“POTRET KASIH ALLAH”
15 Juni 2018
Makanan Jiwa
“Lalu firman-Nya kepadaku: “Hai anak manusia, makanlah gulungan kitab
yang Kuberikan ini kepadamu dan isilah perutmu dengan itu.’Lalu aku memakannya
dan rasanya manis seperti madu dalam mulutku”’ (Yehezkiel 3:3).
Yehezkiel adalah seorang
imam. Tetapi sekarang ia menjadi satu dari 10.000 tawanan perang yang dibawa
oleh Nebukadnezar ke Babel setelah penyerangannya ke Yerusalem pada tahun 597
SM. Yehezkiel tidak lagi dapat mewakili rakyatnya untuk mendekati Tuhan. Jadi
selama bulan juli 593 SM, Allah mengganti tugas Yehezkiel dari imam menjadi
nabi. Sekarang ia akan berbicara kepada rakyatnya untuk Allah.
Setelah menerima
penglihatan yang mencengangkan tentang makluk aneh berkepala empat dengan empat
sayap dan memiliki roda yang ditengah-tengahnya terdapat roda lagi, Yehezkiel
mendengar Allah berfirman, “Ngangakanlah mulutmu dan makanlah apa yang
Kuberikan kepadamu.” (Yeh.2:8). Dan ia melihat di tangan Allah “sebuah gulungan
kitab… Gulungan kitab itu ditulisi timbal balik” (ay.9,10). Allah mengulangi
perintahnya dua kali lagi: “Makanlah apa yang engkau lihat di sini; makanlah
gulungan kitab ini dan pergilah, berbicaralah kepada kaum Israel” (Yeh.3:1).
Makanan yang unik, sebuah
gulungan kitab. Lembaran kitab-kitab itu terbuat dari bilah-bilah yang diambil
dari batang alang-alang papyrus. Bilah-bilah ini disusun anyam, lalu dibalur
dengan air dan/atau lem, ditumbuk, lalu dikeringkan sambil dihimpit (hingga
berupa lembaran tipis), dan kemudian digosok hingga halus menggunakan batu.

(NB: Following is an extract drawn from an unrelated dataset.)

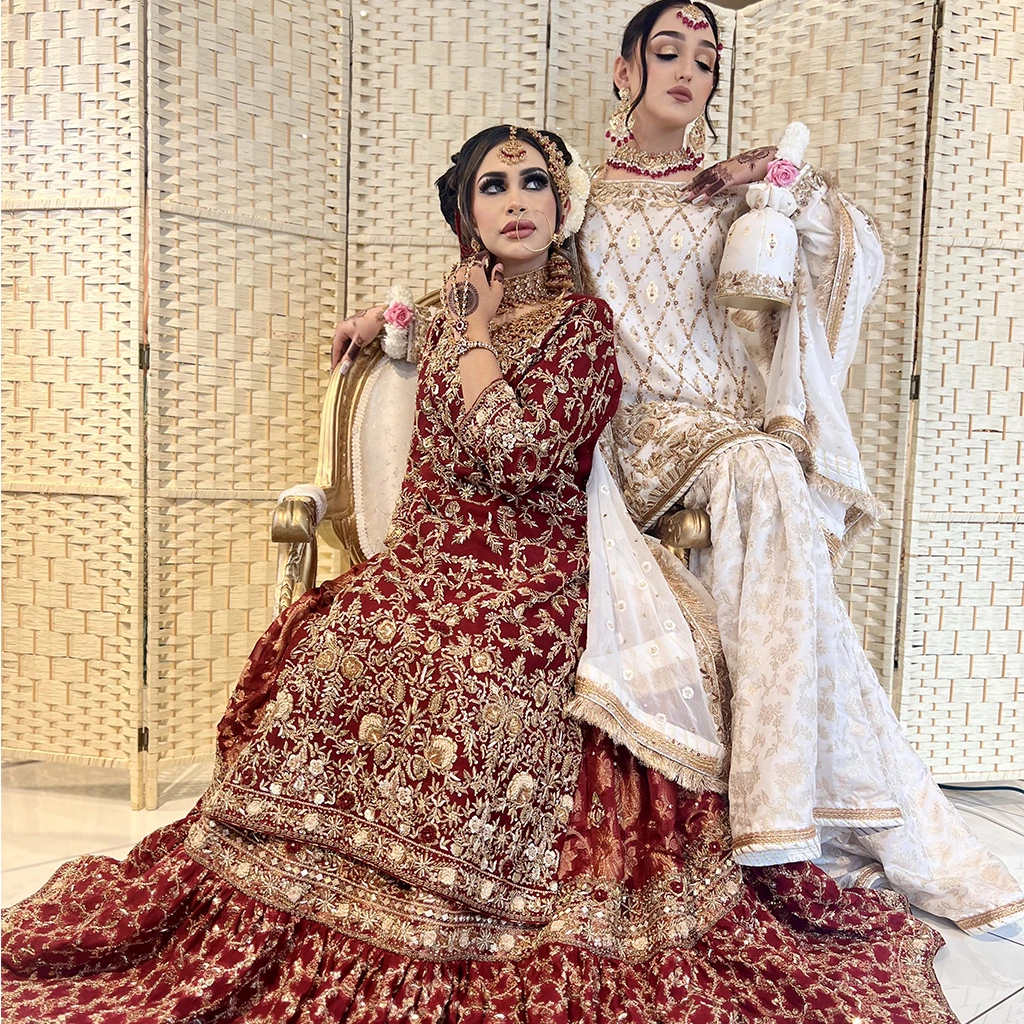 A model in a white lehenga with gold zari embroidery holding a bouquet, paired with a pearl-studded dupatta and Western-style tiara.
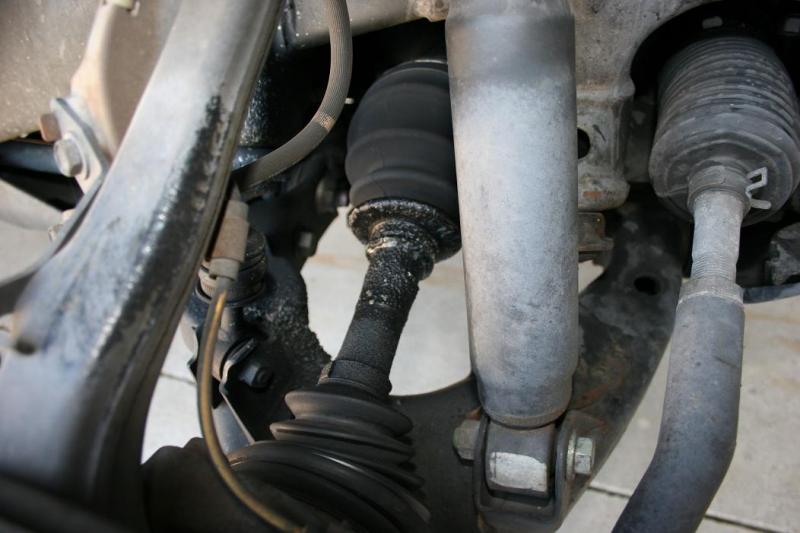 Picture 24 - CV boot leaking 1.jpg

Begitu kuatnya lembaran “kertas” itu hingga bisa bertahan ribuan tahun. Bahkan
sepatu pun dibuat dari bahan yang sama. Dan Yehezkiel harus mengunyah gulungan
panjang kitab itu lalu menelannya, dan itu dilakukannya. Dan rasanya seperti
panganan pencuci mulut, manis seperti madu. Allah lalu menyuruh Yehezkiel
menyampaikan Firman-Nya kepada bangsa itu.
Kita dapat mengartikan gambaran
penyataan dan inspirasi ini dengan beberapa cara. Salah satunya, adalah dengan
menyimpulkannya sebagai inspirasi verbal. Allah menyediakan kata-kata yang
tepat kemudian para nabi menelan kata-kata itu, hanya untuk memuntahkannya
kembali kepada umat—kata-kata yang masuk sama dengan kata-kata yang keluar.
Cara lain adalah, dengan mengartikannya sebagai inspirasi pemikiran. Allah
memberikan penyataan, yang dicerna oleh para nabi sehingga melebur dalam diri
mereka. Kemudian mereka membagikan pesan yang sudah berubah bentuk (karena
dicerna dan diserap) ini dalam kata-kata dan gaya bahasa mereka. Yang terakhir
ini adalah pengertian resmi Gereja Masehi Advent Hari Ketujuh terhadap
penyataan dan inspirasi yang dinamis.
“Alkitab ditulis oleh
para penulis yang terinspirasi, tetapi [tulisan tersebut] bukanlah cara
berpikir dan ungkapan [langsung dari] Allah. Itu adalah [tulisan] manusiawi.
Allah, sebagai pengarang, tidak diwakili… Allah tidak menaruh diri-Nya dalam
kata-kata, logika, retorika, yang tertuang di dalam Alkitab… Bukan kata-kata
Alkitab itu yang terinspirasi, tetapi para penulisnya itulah yang terinspirasi”
(Selected Messages, jilid 1 hlm.21).